Une stature internationale dans le monde de la conservation
Convaincu que la protection de la nature ne pouvait être efficace que si elle dépassait les frontières nationales, le prince Abdorreza fonda la « Fondation internationale pour la conservation du gibier » (International Foundation for the Conservation of Game – IGF), qu’il présida pendant plusieurs années. Cette organisation visait à favoriser la coopération entre les pays en matière de préservation des espèces de gibier et de gestion durable des habitats. Son engagement ne passa pas inaperçu, et en 1962, il reçut le prix Weatherby, l’une des plus hautes distinctions internationales décernées aux chasseurs-conservateurs ayant contribué de manière significative à la sauvegarde de la faune. Cette reconnaissance internationale témoignait de la double identité du prince : celle d’un homme passionné de chasse, mais profondément respectueux des équilibres écologiques.

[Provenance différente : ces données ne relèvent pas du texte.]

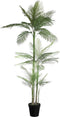 PTMD Kunstplant Palm - 160x160x248 cm - Plastic - Zwart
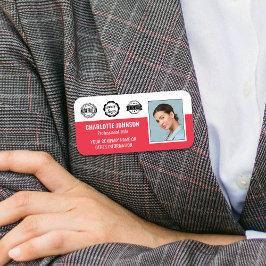 Logo des Unternehmens "Custom Employee Foto Compan Namensschild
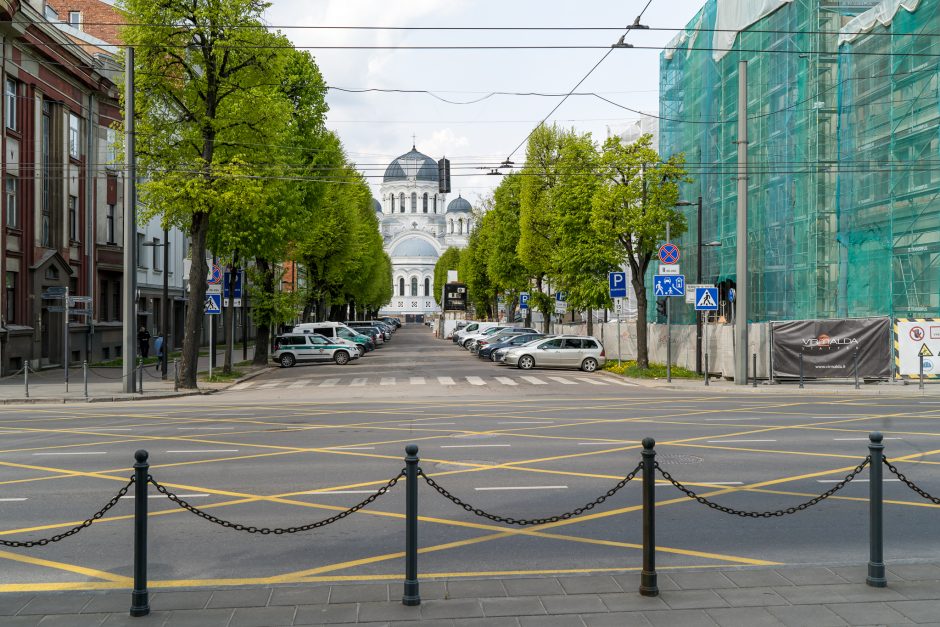 Kauno sankryžose daugėja geltonųjų korių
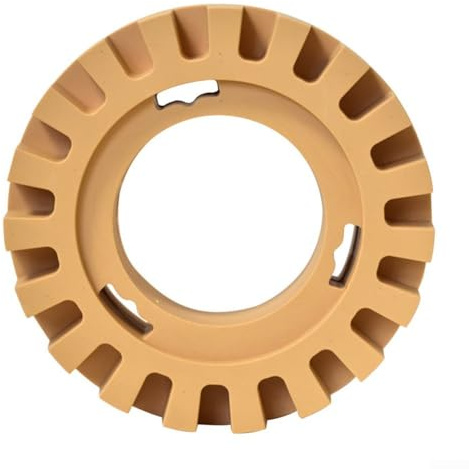 Gummi Rad Aufkleber Entferner für Bohrmaschine - 4 Zoll (100mm) Vinyl & Tape Graphics Removal Backing Pad Gelb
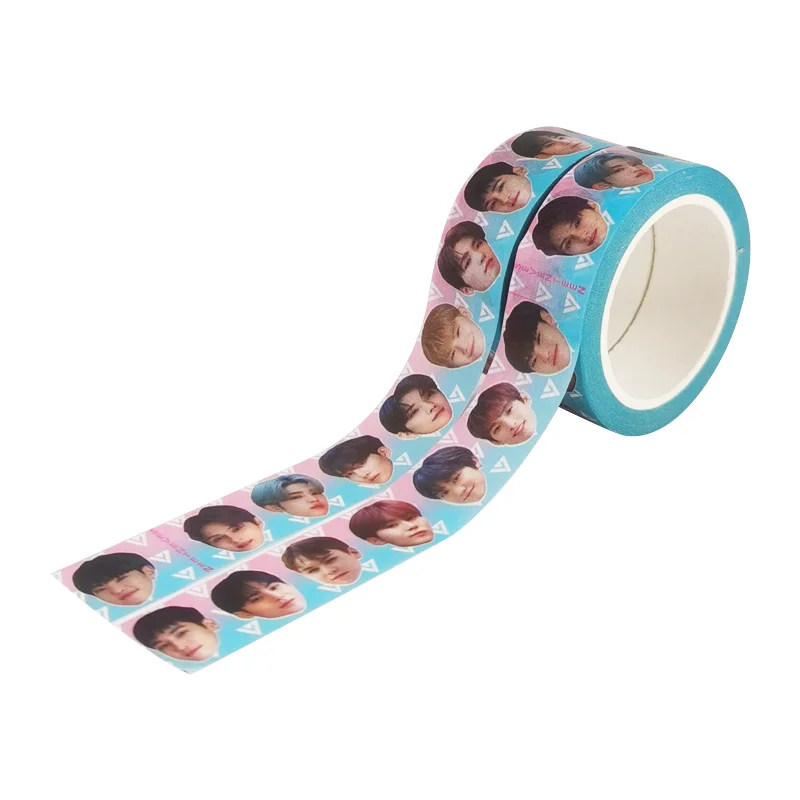 

kpop washi tape,100 Rolls, 6 printing colors and cmyk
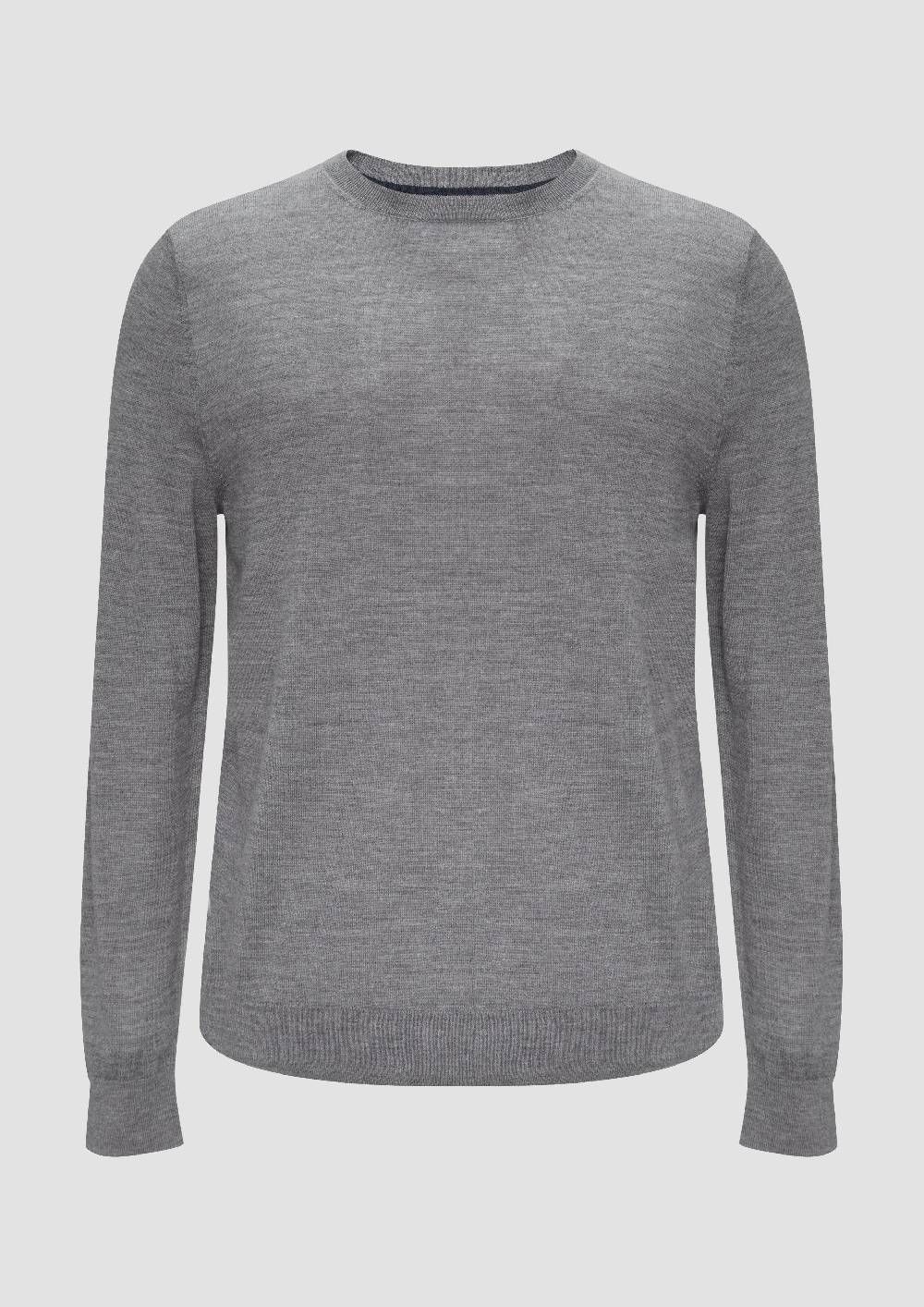 S.Oliver Feinstrickpullover Aus Reiner Merinowolle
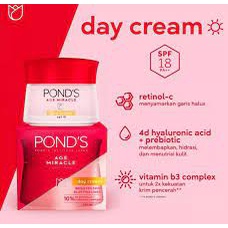 [Twin Pack] POND'S AGE MIRACLE DAY - NIGHT CREAM  10gr x2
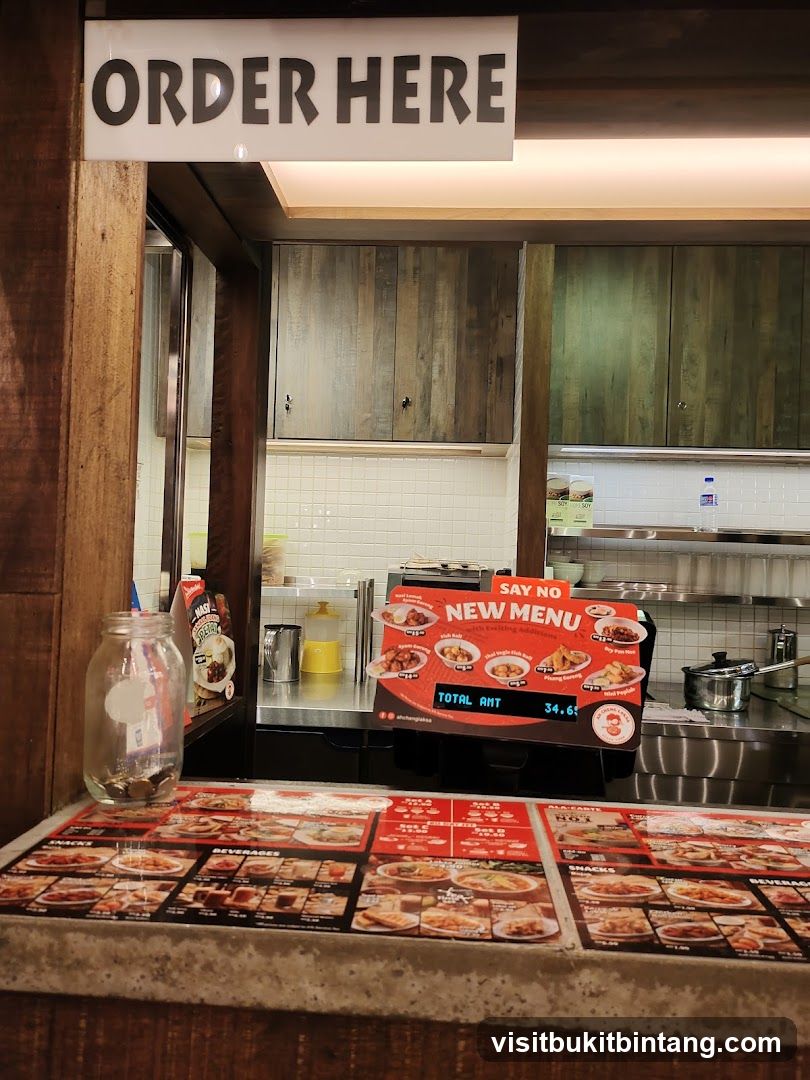 Order Here Counter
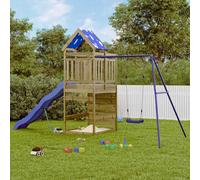 vidaXL Set da Gioco da Esterno in Legno di Pino Impregnato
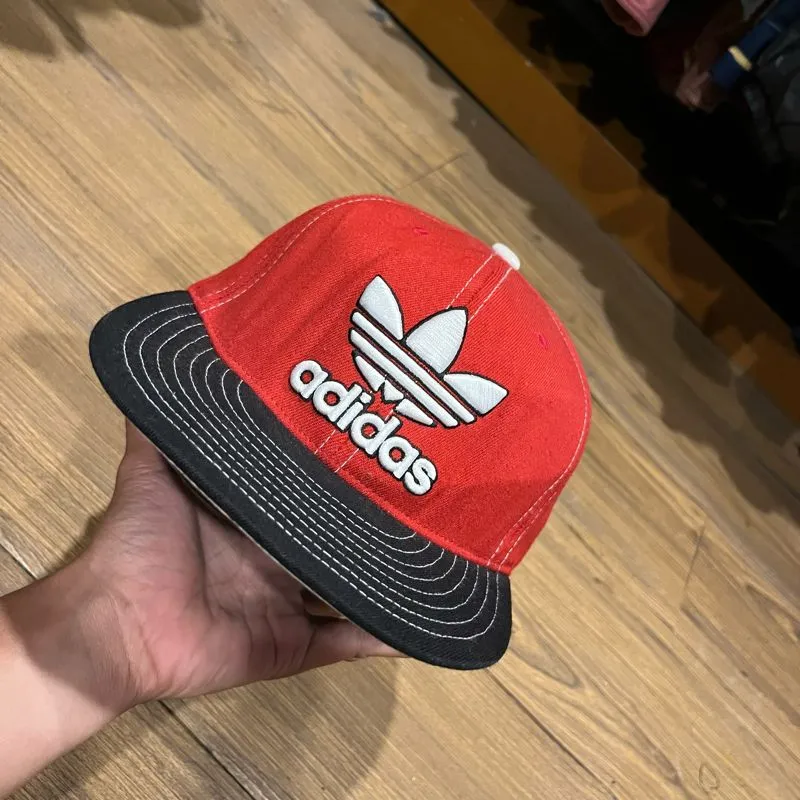 VTG Adidas Treefoil Snapback Pouncer Flexfit Big Logo photo 1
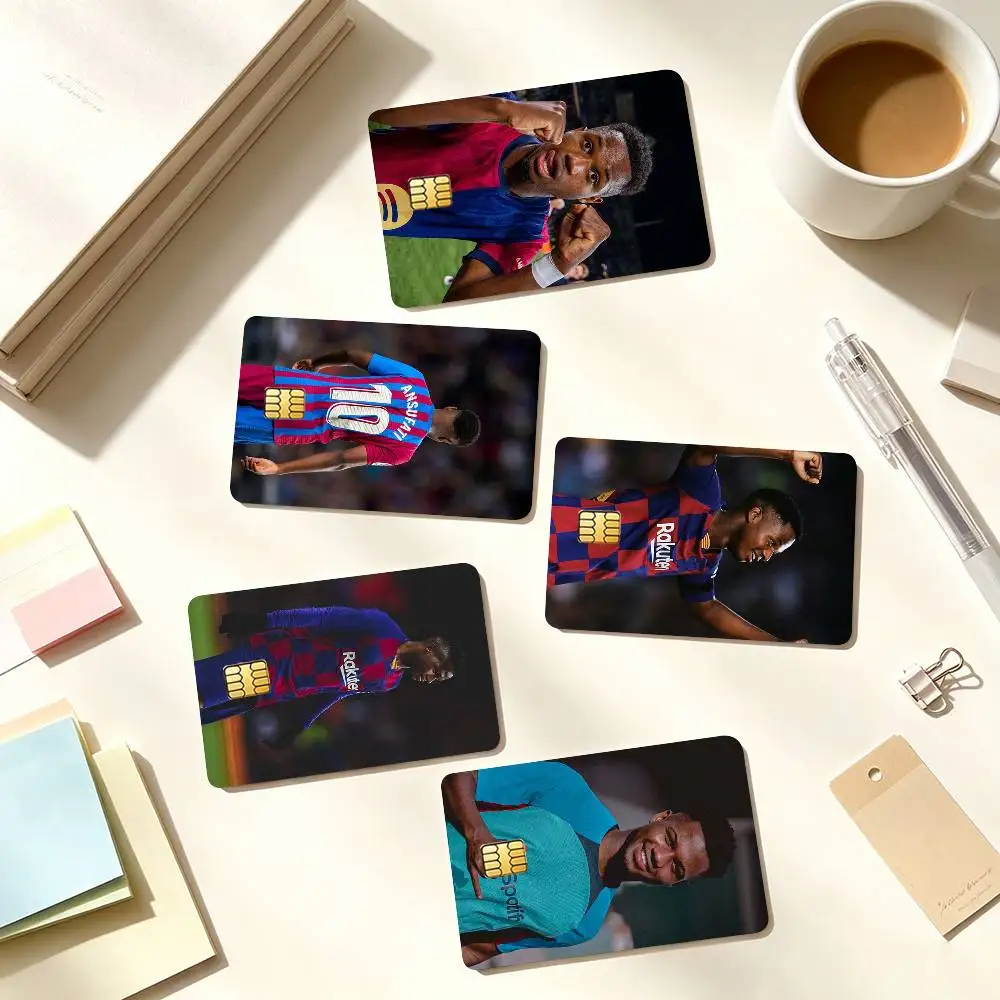 A-Ansu Fati F-Football Athlete Credit Card HD Stickers Game Card Decal Small Chip Waterproof Sticker Gift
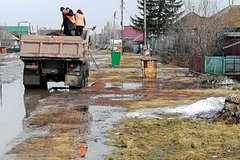 В Минусинске объявили эвакуацию из-за прорыва дамбы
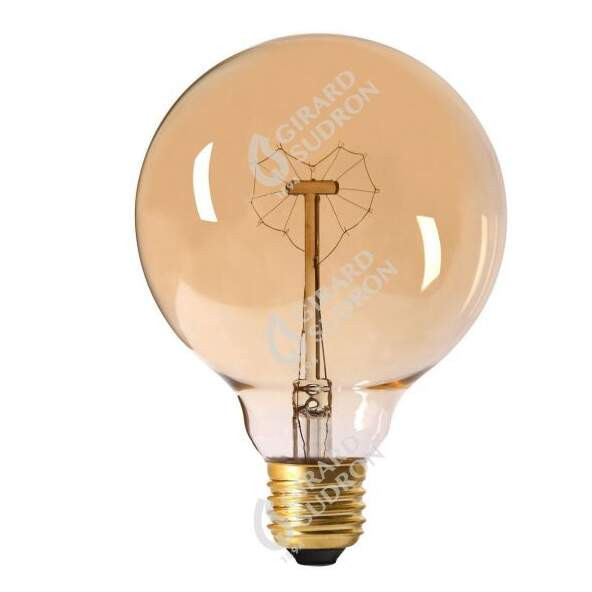 Girard sudron globe filament métallique "cœur" 24w e27 2000k ambre - Girard Sudron - 24004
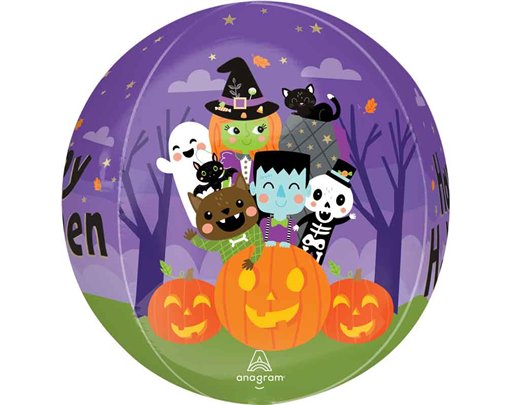 MONSTER MINGLE HALLOWEEN ORBZ FOIL BALLOON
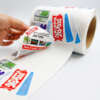 Double sided waterproof skincare bottle labels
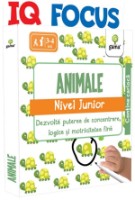 Cartea IQ Focus. Animale. Junior. 3-4 ani (9789731497990)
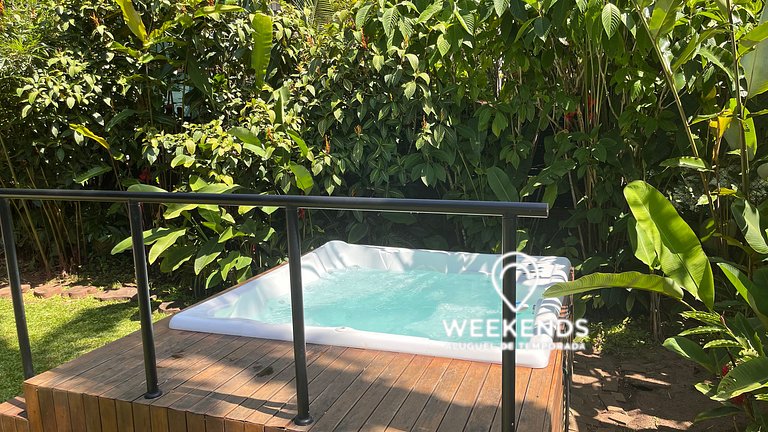 Casa Charmosa - Jacuzzi aquecida na praia Camburi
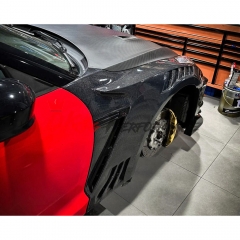 2024 Top Secret Style Dry Carbon Fiber Fender For Nissan R35 GTR 2008-2026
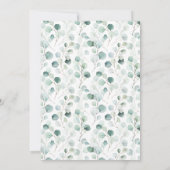 サファリジャングル動物ユーカリ赤ちゃんシャワー 招待状 (裏面)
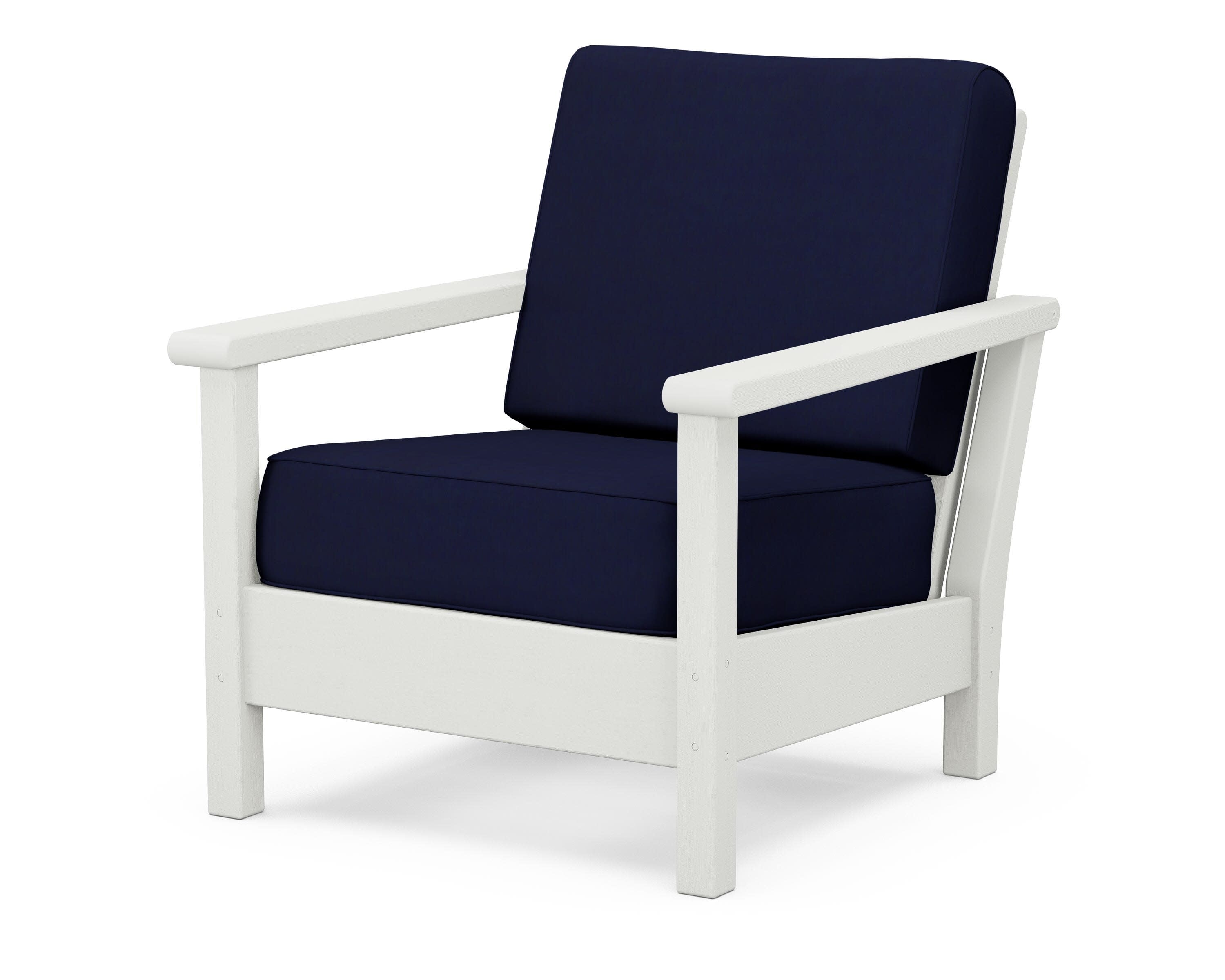 Harbour Deep Seating Chair in Vintage White / Navy
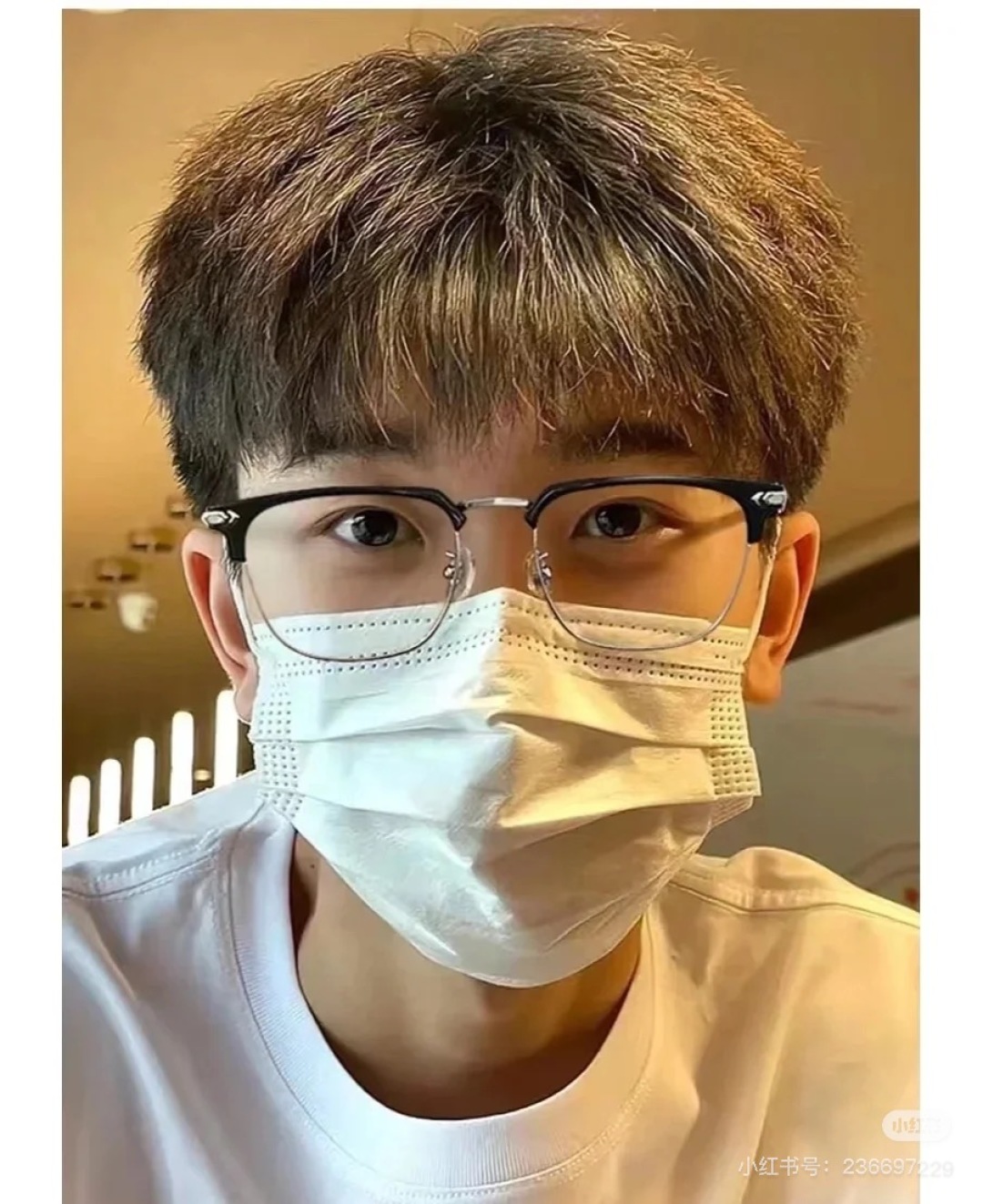 🔥🔥Dio*超轻斯文半框眼镜男款痞帅近视度数可配大脸方圆脸眼睛镜框女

Une passion pour la chasse respectueuse et documentée
A l’opposé d’une certaine image stéréotypée des chasseurs royaux, Abdorreza Pahlavi s’inscrivait dans la tradition du fair chase, cette éthique de la chasse fondée sur l’égalité des chances entre l’homme et l’animal, et sur le respect du vivant. À ce titre, ses voyages cynégétiques dans le monde entier sont restés exemplaires à la fois par leur traçabilité, leur modération et la qualité des spécimens prélevés. Sa première entrée dans le livre des records date de 1960, avec un caribou de la toundra récolté dans les montagnes Talkeetna, en Alaska. Il poursuivit cette quête de gibier d’exception en 1967 avec un grand ours brun sur l’île Kodiak, toujours en Alaska, et un bison du Wyoming, deux trophées emblématiques de la mégafaune nord-américaine. Chacun de ces animaux fut chassé dans le respect des règles, et souvent dans des conditions rigoureuses, loin des expéditions confortables réservées aux élites. Sa dernière entrée officielle au registre des trophées date de 1988, bien après son exil, avec un orignal Alaska-Yukon tiré à 80 mètres dans la région de la rivière Kugururok. L’animal fut mesuré et homologué à 225-6/8 points, une cotation particulièrement respectable. Il avait alors passé une semaine entière en Alaska, preuve de son engagement physique dans l’acte de chasse, mais aussi de sa volonté de se reconnecter à la nature loin du tumulte politique qui avait bouleversé son pays.
Exil et héritage
La révolution iranienne de 1979 contraint le prince Abdorreza à l’exil, comme la plupart des membres de la famille impériale. Il s’installa à Paris, puis à Genève, où il continua d’écrire, de participer à des conférences sur la conservation, et de soutenir des initiatives environnementales. Bien qu’écarté de la scène politique, il conserva jusqu’à sa mort, en 2004, une aura de dignité et d’engagement, notamment dans les cercles de chasse éthique et de protection de la biodiversité. Aujourd’hui, alors que les débats sur la chasse, la conservation et la biodiversité sont plus que jamais d’actualité, la figure d’Abdorreza Pahlavi résonne avec une pertinence renouvelée. Son œuvre démontre qu’il est possible de concilier passion cynégétique et respect des équilibres naturels, statut aristocratique et vision progressiste de l’environnement.